Sunday, October 16, 2011

Trying to stay confident...

One Week!

I have started and stopped writing a blog all week.  I am in a running funk and I am having difficulty finding the words to explain how I am feeling. 

The half marathon is a week away and I don't know what is wrong with me.  I honestly feel like I was more prepared a month ago than I am now.  It's maddening.  The past few weeks have been frustrating.  The week before last, Tim was sick and I let that impact my running.  Then, last weekend I did a long run and a long bike ride, and tweaked my right calf.  During one run with everyone, my calves hurt so bad, I had to freakin' walk-- going up cemetery hill!  Ugh!  That hill has been my weakness all summer and I have never stopped and walked when running up it.  Complete blow to my confidence.  To make matters worse, on Saturday, I so struggled during our last long training run.  I was cold.  I felt I was going too fast.  I struggled on that stupid hill again (shout out to Tracy if you read this- thanks for the words of encouragement!).  I couldn't keep up with everyone during most of the run.  I had a side stitch that would not subside during the last mile.  After all was said and done, I was just happy the stupid run was over.  A month ago, I ran 10 miles and felt like I could conquer the world after.  This go round, I felt miserable.  Physically, I was fine (besides the usual aches and pains), but mentally I felt beaten.
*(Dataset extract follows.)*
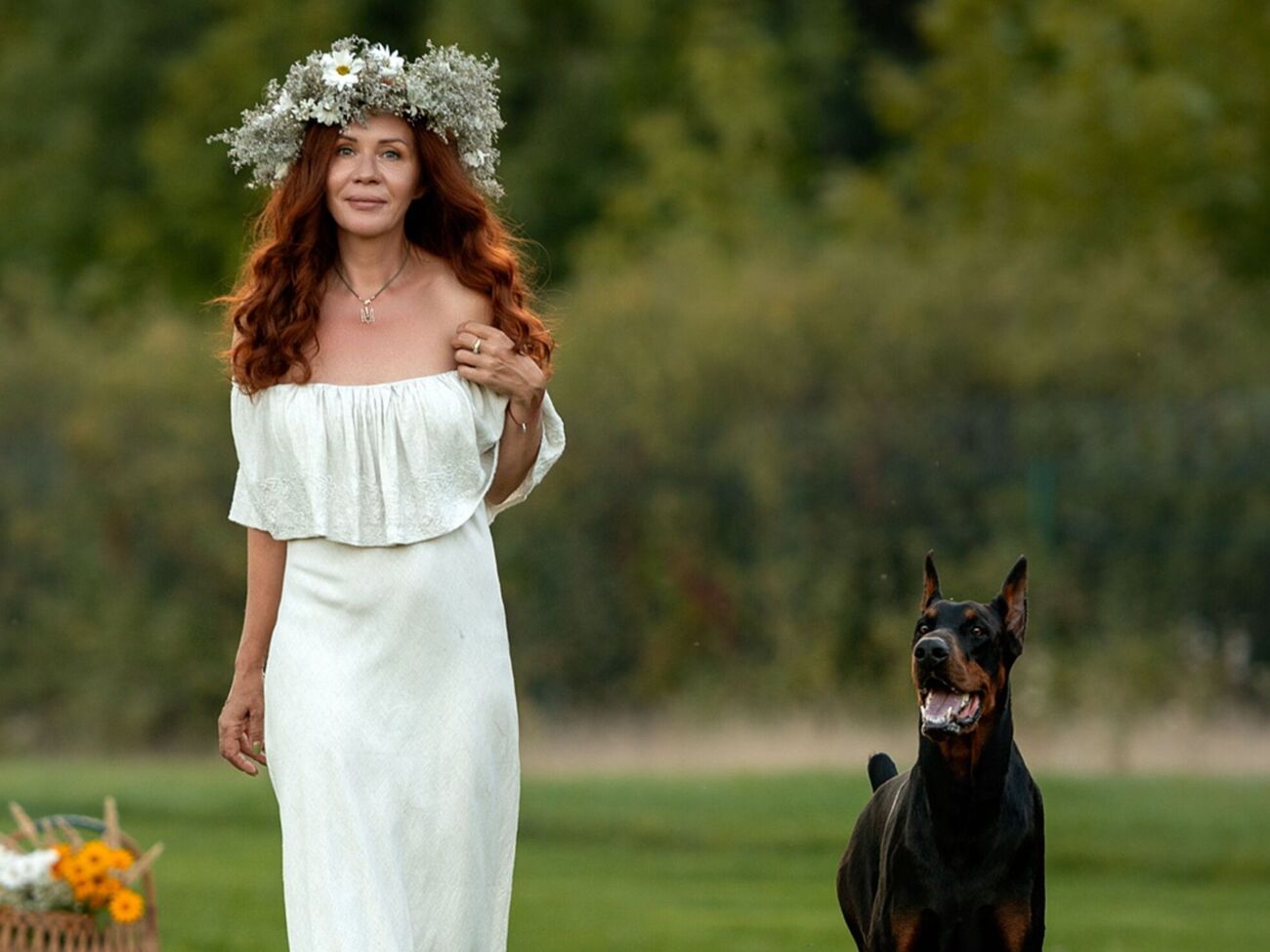 Эта картина мира никогда бы не выглядела кинематографичной, если бы не автоматная очередь на фоне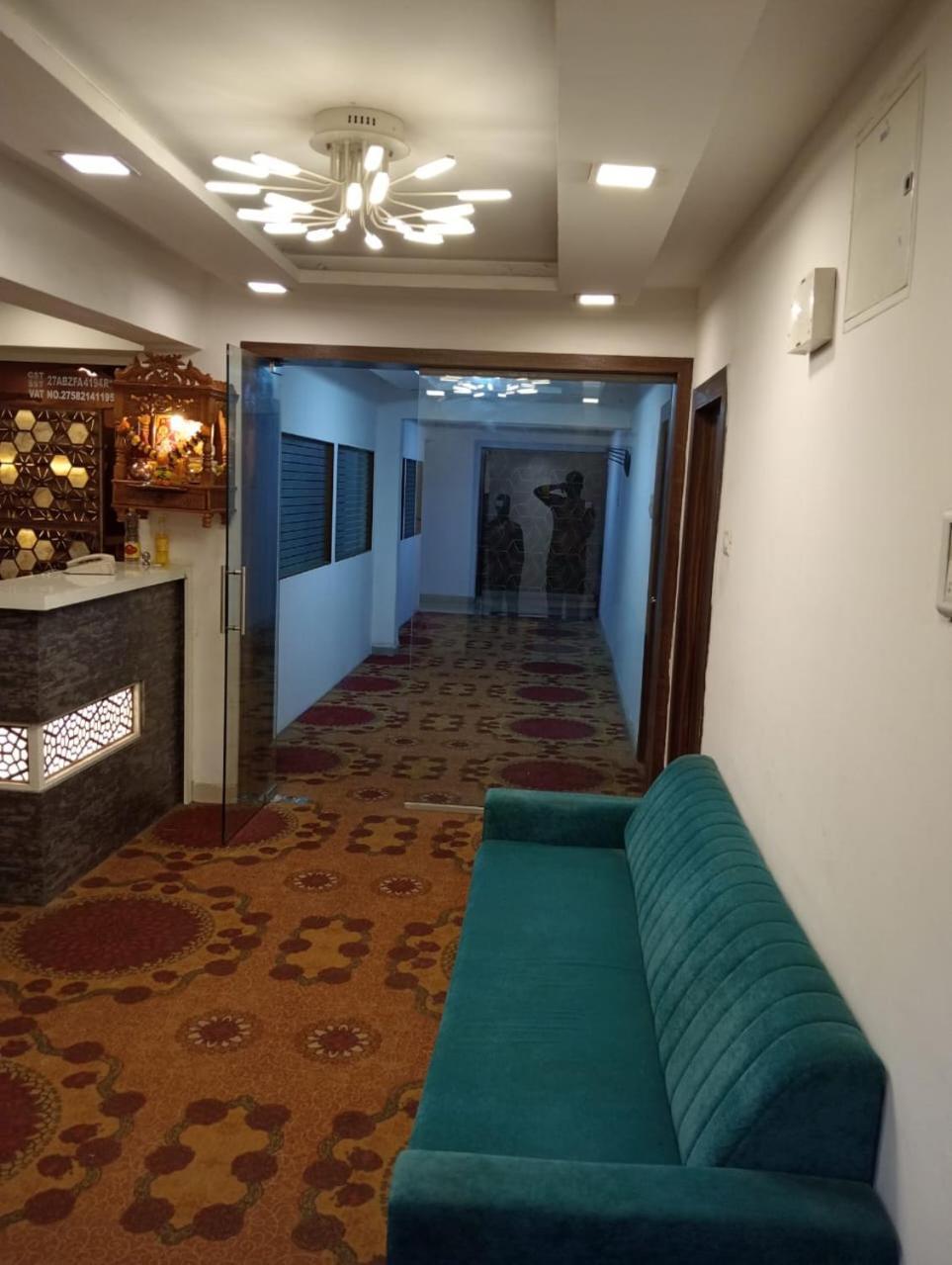 Arsh Executive Inn Dive エクステリア 写真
Another blow to my confidence came when I was looking to buy something new to wear for the race.  I hate running clothes.  They are not made for this chunky monkey and they just make me feel like I have all 60lbs that I lost right back on me.  Seriously, it's bad enough that my hydration belt totally highlights my spare tire, so I don't need clothes that are going to give me more rolls, not to mention more chaffing issues.  I know I don't look like the typical skinny-minny runner, but surely I am missing an insider secret for comfy running clothes for chics that have some chunky bits, right? 

With all of that silliness going on, every now and then a fear about actual race day creeps into my head.  This week, the big fear I have (since I somehow forgot how to do them!) are HILLS.   Seriously, if the route has too many hills, I fear I will let them mentally beat before I even have to physically go up them.  I don't want to be mad at myself over any choice I make during the half marathon.  I don't want to be disappointed in my time or if I struggle.  I just feel defeated- and we haven't even ran the darn race yet!  I just want to be proud that I am even doing it!  But for whatever reason, I already feel crappy about it.  I know that  it doesn't make any sense.  Really, I KNOW this.  I can't really explain why I feel like this- I just do.  Hopefully on race day, I won't.  

So, yeah, I'm a girl with self-esteem issues this week.  Talk about bad timing!  I am just going to have to continue to remind myself that I'm just doing this to DO IT and HAVE FUN.  That was the plan from the beginning for me and I just need to stick with it.  The fact of the matter is, a few years ago, this girl wouldn't have even ran a mile if someone was chasing her, and now I run 10+ miles because I want to!  I just have to remember that I am strong and I can do it! 




The greatest battle is not physical but psychological. The demons telling us to give up when we push ourselves to the limit can never be silenced for good. They must always be answered by the quiet the steady dignity that simply refuses to give in. COURAGE. WE ALL SUFFER. KEEP GOING.